[Short text fragments from websites]

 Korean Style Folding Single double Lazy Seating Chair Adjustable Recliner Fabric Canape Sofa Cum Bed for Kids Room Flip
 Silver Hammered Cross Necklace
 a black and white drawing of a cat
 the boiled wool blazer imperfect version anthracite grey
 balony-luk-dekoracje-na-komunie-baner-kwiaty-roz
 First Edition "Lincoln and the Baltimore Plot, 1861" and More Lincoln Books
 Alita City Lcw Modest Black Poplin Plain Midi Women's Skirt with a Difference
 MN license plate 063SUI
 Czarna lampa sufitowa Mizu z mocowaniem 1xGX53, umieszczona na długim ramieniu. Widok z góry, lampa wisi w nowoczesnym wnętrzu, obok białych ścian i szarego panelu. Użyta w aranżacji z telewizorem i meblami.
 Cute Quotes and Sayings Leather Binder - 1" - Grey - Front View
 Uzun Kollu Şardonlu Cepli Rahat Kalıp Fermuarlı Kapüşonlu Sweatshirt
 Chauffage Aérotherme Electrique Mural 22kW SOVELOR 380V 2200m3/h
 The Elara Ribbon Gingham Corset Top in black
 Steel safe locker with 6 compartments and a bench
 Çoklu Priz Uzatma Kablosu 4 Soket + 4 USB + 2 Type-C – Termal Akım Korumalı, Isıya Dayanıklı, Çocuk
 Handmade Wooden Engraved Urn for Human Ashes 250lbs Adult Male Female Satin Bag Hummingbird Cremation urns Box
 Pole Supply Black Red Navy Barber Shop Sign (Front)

### Work item
Print, without alteration, only the lines above between the one holding "Steel safe locker" and the one holding "Handmade Wooden Engraved", inclusive.

### Solution for this task
 Steel safe locker with 6 compartments and a bench
 Çoklu Priz Uzatma Kablosu 4 Soket + 4 USB + 2 Type-C – Termal Akım Korumalı, Isıya Dayanıklı, Çocuk
 Handmade Wooden Engraved Urn for Human Ashes 250lbs Adult Male Female Satin Bag Hummingbird Cremation urns Box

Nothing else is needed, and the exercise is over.